Elsewhere, their absence has deepened the sense of crisis. My colleagues reported earlier this week on the troubles European countries are facing now that border closures and travel bans have deprived them of the migratory labor on which their agricultural sectors depend.

“Farms across Western Europe are deeply dependent on Eastern Europeans who travel for work during the growing season,” they reported. “Yet with lockdowns in place as agriculture wakes up from its winter slumber, German asparagus may start rotting in the field and French strawberries may suffer from a lack of tending. European countries say they have enough food, for now. But there are concerns about what could happen if the crisis drags deep into the growing season, as well as fears for the livelihoods of their farmers.”

In the United States, the food and restaurant industries are arguably dependent on migrant labor. Of the approximately 400,000 agricultural workers in California, some 60 to 75 percent may be undocumented migrants, mostly from Mexico. As most of America’s workforce stays home, they remain in the fields, categorized as “essential” labor.

“For many workers, the fact that they are now considered both illegal and essential is an irony that is not lost on them, nor is it for employers who have long had to navigate a legal thicket to maintain a work force in the fields,” noted a piece in the New York Times.

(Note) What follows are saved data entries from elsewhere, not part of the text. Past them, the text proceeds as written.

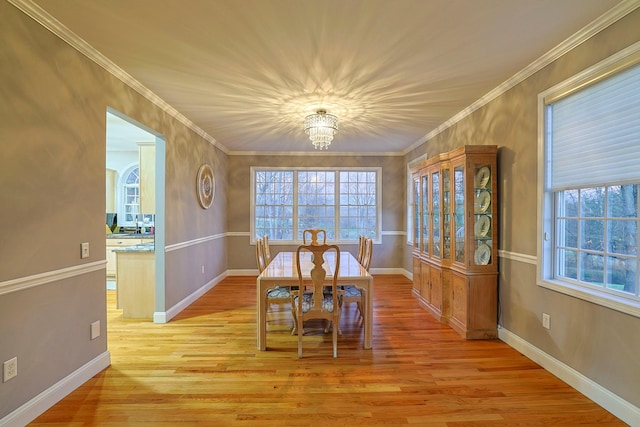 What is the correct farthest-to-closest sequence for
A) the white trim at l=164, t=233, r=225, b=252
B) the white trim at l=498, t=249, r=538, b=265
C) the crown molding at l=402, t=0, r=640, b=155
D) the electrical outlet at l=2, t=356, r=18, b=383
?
1. the white trim at l=164, t=233, r=225, b=252
2. the white trim at l=498, t=249, r=538, b=265
3. the crown molding at l=402, t=0, r=640, b=155
4. the electrical outlet at l=2, t=356, r=18, b=383

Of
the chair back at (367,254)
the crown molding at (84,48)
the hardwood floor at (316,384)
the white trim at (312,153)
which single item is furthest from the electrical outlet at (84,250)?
the white trim at (312,153)

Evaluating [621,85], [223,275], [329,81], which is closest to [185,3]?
[329,81]

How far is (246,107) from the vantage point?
3.65m

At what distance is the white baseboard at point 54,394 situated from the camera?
72.9 inches

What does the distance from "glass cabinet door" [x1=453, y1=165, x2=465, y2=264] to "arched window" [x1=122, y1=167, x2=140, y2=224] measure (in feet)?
20.6

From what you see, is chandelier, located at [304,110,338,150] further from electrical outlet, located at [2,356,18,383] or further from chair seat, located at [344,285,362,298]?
electrical outlet, located at [2,356,18,383]

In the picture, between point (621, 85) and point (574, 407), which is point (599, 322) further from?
point (621, 85)

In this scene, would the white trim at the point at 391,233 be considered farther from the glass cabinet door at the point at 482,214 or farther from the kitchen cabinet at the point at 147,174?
the kitchen cabinet at the point at 147,174

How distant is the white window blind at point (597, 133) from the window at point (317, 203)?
3.95 meters

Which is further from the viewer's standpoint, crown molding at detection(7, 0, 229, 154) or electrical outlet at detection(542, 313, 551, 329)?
electrical outlet at detection(542, 313, 551, 329)

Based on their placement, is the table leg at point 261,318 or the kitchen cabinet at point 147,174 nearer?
the table leg at point 261,318

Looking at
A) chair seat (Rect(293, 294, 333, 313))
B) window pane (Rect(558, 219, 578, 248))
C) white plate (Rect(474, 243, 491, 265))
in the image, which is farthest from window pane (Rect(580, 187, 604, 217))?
chair seat (Rect(293, 294, 333, 313))

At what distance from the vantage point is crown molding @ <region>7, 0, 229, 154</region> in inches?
74.6

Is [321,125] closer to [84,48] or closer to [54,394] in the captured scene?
[84,48] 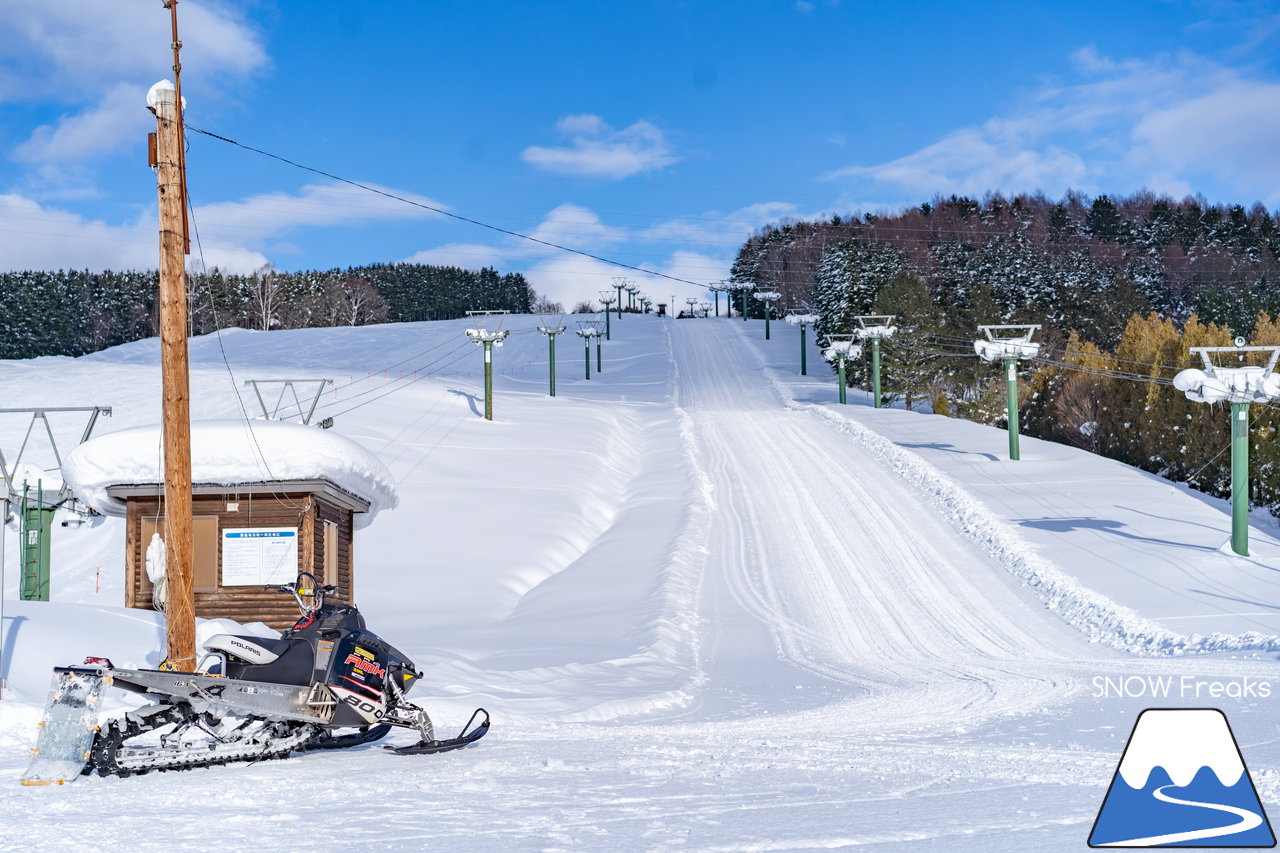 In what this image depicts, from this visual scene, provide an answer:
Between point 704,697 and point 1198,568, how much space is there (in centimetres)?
1366

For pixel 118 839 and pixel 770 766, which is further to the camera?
pixel 770 766

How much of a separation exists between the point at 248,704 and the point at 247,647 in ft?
1.32

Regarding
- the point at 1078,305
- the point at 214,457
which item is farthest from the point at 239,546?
the point at 1078,305

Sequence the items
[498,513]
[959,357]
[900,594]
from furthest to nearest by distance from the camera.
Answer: [959,357], [498,513], [900,594]

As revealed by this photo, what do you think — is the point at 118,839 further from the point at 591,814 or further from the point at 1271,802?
the point at 1271,802

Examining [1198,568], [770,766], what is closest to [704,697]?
[770,766]

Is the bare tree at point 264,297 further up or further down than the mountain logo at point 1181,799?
further up

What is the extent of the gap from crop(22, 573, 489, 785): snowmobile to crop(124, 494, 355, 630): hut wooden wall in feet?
26.1

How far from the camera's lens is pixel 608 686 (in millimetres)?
13414

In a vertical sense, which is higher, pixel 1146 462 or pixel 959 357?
pixel 959 357

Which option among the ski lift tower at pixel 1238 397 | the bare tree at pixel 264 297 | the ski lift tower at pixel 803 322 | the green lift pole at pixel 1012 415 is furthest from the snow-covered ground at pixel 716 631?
the bare tree at pixel 264 297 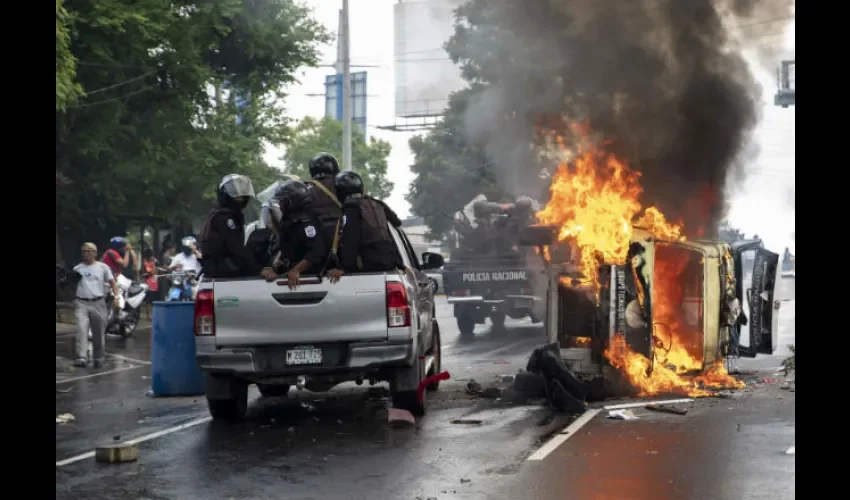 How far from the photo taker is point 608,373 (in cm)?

“It’s sad that it takes a health crisis like this to highlight the farmworkers’ importance,” Hector Lujan, chief executive of Reiter Brothers, a large family-owned berry grower based in Oxnard, Calif., told the Times.

And, as the Guardian reported, many of these workers are subjected to adverse conditions with little to no safety equipment, no social distancing and no additional support or pay. The $2 trillion coronavirus stimulus package passed by Congress offers nothing for undocumented people. (Compare that with a temporary move taken by the Portuguese government, which conferred de facto citizenship status on migrants and asylum seekers so they could access public health services.)

“They’re getting paid the same, yet they’re exposing themselves to more dangers,” Irene de Barraicua, spokesperson for Líderes Campesinas, an advocacy organization of Californian female farmworkers, told the Guardian. “There is no standard for safety orientation. Sometimes we’re hearing they just get a five-minute talk — stay six feet apart, don’t do this, don’t do that — but they’re working in big crowds. It feels like it’s not being taken seriously because the money is more important.”